Every line of the records below from the line with "Building Photo - Modern" up to and including the line with "Silla de comedor metálica." must be reproduced exactly, and no line outside that range.
(Exercise materials)
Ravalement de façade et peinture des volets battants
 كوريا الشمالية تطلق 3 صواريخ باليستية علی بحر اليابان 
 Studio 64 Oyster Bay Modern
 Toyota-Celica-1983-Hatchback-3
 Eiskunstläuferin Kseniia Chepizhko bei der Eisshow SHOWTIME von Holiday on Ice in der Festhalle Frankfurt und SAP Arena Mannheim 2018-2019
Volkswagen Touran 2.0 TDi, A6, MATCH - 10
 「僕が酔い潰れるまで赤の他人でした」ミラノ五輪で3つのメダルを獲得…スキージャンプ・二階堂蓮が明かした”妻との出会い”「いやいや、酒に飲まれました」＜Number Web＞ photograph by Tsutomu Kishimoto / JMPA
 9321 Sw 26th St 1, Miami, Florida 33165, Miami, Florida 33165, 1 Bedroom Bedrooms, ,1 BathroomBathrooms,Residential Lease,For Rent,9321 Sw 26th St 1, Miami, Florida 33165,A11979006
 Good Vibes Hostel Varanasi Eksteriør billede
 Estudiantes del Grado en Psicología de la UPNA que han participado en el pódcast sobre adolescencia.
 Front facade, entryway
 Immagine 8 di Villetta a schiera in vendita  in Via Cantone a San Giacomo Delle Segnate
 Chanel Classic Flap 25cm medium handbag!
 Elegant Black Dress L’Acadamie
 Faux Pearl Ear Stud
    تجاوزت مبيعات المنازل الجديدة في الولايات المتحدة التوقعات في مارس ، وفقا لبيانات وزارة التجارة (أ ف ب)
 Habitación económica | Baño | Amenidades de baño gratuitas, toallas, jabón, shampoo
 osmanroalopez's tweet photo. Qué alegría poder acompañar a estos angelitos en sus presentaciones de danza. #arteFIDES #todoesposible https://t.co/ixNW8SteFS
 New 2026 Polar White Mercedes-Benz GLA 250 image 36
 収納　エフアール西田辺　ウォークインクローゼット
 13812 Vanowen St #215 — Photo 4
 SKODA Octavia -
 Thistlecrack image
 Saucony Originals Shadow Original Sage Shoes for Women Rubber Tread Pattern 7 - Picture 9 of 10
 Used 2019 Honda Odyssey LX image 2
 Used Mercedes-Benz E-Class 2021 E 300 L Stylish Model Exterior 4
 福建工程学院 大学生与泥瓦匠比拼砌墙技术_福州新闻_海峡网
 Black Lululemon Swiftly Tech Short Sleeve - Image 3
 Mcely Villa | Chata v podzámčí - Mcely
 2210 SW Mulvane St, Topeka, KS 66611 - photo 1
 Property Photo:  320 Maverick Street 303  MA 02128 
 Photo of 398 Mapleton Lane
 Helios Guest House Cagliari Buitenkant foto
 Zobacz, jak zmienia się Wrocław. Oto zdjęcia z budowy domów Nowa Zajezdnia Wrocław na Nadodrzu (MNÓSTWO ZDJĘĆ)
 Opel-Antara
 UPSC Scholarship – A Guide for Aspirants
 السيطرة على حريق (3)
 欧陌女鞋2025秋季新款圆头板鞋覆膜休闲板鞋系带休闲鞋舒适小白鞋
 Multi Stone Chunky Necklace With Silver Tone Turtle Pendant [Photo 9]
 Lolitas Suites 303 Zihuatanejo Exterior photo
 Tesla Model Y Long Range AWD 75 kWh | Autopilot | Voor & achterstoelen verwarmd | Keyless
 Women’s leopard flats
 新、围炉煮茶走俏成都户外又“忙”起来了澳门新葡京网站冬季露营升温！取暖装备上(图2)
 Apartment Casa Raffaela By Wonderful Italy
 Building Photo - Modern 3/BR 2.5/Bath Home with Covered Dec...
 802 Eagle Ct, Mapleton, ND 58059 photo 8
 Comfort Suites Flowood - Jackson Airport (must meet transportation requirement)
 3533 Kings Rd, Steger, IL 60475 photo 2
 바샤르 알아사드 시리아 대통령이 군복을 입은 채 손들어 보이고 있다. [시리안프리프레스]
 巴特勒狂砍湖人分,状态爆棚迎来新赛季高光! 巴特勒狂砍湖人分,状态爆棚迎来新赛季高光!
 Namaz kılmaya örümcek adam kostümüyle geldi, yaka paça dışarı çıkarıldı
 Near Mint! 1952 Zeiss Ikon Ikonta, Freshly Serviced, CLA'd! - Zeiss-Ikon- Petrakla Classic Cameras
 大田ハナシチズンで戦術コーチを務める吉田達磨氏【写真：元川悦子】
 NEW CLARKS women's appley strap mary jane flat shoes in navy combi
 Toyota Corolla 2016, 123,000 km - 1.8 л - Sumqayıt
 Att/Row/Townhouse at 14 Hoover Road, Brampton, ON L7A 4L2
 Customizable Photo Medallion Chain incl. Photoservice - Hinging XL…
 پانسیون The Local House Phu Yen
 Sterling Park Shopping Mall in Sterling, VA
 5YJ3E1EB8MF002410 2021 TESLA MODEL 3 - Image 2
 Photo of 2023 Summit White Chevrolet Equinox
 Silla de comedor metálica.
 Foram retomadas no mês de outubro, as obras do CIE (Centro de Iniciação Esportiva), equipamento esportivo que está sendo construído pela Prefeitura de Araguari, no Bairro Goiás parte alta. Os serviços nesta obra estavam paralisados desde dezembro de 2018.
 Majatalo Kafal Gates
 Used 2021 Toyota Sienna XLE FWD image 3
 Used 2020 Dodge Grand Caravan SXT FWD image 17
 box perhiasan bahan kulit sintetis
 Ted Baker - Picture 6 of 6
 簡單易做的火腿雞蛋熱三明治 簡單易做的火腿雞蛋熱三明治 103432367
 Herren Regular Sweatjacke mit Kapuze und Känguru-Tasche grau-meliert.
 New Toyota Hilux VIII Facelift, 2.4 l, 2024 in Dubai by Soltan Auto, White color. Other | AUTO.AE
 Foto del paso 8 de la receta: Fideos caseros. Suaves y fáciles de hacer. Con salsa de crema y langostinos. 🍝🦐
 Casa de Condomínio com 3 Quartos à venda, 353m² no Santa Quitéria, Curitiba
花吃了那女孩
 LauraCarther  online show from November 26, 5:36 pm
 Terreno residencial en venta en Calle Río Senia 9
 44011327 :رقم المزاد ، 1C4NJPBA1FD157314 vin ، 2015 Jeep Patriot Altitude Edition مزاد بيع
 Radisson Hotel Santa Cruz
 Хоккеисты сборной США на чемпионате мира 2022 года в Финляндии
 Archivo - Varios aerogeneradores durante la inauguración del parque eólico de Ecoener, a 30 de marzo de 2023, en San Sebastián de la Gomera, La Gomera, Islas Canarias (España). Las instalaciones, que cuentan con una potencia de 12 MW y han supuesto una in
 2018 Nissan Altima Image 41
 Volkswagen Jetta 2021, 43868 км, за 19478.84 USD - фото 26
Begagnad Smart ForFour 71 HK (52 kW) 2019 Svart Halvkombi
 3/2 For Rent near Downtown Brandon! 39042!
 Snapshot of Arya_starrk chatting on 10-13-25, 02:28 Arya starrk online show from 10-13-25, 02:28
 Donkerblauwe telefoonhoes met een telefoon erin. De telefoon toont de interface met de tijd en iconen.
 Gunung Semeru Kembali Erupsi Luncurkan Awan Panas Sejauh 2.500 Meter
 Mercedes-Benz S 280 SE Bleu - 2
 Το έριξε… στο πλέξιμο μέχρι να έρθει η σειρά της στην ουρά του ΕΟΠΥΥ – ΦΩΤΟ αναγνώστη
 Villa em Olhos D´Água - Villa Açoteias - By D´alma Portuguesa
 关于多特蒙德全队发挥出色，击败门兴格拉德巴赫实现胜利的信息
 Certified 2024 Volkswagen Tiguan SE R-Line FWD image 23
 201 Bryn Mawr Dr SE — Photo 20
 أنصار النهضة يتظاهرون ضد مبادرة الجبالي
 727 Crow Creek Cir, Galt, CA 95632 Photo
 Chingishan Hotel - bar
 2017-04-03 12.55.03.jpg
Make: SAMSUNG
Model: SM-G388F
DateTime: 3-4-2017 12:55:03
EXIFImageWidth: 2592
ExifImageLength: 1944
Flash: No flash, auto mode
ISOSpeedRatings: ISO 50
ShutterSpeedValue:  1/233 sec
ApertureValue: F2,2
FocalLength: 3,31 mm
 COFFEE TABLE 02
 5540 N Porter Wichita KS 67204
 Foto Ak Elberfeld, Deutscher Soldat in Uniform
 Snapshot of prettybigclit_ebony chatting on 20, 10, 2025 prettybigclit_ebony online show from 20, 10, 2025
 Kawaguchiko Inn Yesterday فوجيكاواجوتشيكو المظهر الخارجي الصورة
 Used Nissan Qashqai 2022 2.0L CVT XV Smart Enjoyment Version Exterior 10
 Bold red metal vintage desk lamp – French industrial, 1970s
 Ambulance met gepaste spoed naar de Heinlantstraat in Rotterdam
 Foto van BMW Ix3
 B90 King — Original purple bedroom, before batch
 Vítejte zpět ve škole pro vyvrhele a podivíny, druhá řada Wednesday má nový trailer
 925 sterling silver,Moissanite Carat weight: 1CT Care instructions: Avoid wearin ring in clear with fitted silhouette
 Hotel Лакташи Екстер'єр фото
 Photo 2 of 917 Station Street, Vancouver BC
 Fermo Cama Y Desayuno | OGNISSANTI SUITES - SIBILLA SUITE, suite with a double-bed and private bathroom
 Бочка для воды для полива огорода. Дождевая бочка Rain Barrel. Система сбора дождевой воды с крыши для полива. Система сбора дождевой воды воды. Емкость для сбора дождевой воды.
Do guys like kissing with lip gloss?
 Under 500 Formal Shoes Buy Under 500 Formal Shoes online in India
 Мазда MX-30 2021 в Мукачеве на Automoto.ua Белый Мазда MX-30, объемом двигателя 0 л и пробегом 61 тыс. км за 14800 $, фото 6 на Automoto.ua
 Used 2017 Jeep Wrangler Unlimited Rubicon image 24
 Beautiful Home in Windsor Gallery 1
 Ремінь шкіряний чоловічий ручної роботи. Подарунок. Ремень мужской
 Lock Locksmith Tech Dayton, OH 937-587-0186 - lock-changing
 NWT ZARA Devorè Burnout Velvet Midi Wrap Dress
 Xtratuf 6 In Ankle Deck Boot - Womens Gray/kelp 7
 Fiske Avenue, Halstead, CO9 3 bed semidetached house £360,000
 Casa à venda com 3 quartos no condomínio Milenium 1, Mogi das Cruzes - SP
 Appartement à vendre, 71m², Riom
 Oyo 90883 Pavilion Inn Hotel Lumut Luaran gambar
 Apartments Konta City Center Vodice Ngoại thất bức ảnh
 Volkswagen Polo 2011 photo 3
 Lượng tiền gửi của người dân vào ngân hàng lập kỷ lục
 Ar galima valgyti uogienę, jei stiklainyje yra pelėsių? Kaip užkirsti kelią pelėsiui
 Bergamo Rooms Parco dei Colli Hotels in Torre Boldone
(End Exercise materials)
> _Task solution_
 Building Photo - Modern 3/BR 2.5/Bath Home with Covered Dec...
 802 Eagle Ct, Mapleton, ND 58059 photo 8
 Comfort Suites Flowood - Jackson Airport (must meet transportation requirement)
 3533 Kings Rd, Steger, IL 60475 photo 2
 바샤르 알아사드 시리아 대통령이 군복을 입은 채 손들어 보이고 있다. [시리안프리프레스]
 巴特勒狂砍湖人分,状态爆棚迎来新赛季高光! 巴特勒狂砍湖人分,状态爆棚迎来新赛季高光!
 Namaz kılmaya örümcek adam kostümüyle geldi, yaka paça dışarı çıkarıldı
 Near Mint! 1952 Zeiss Ikon Ikonta, Freshly Serviced, CLA'd! - Zeiss-Ikon- Petrakla Classic Cameras
 大田ハナシチズンで戦術コーチを務める吉田達磨氏【写真：元川悦子】
 NEW CLARKS women's appley strap mary jane flat shoes in navy combi
 Toyota Corolla 2016, 123,000 km - 1.8 л - Sumqayıt
 Att/Row/Townhouse at 14 Hoover Road, Brampton, ON L7A 4L2
 Customizable Photo Medallion Chain incl. Photoservice - Hinging XL…
 پانسیون The Local House Phu Yen
 Sterling Park Shopping Mall in Sterling, VA
 5YJ3E1EB8MF002410 2021 TESLA MODEL 3 - Image 2
 Photo of 2023 Summit White Chevrolet Equinox
 Silla de comedor metálica.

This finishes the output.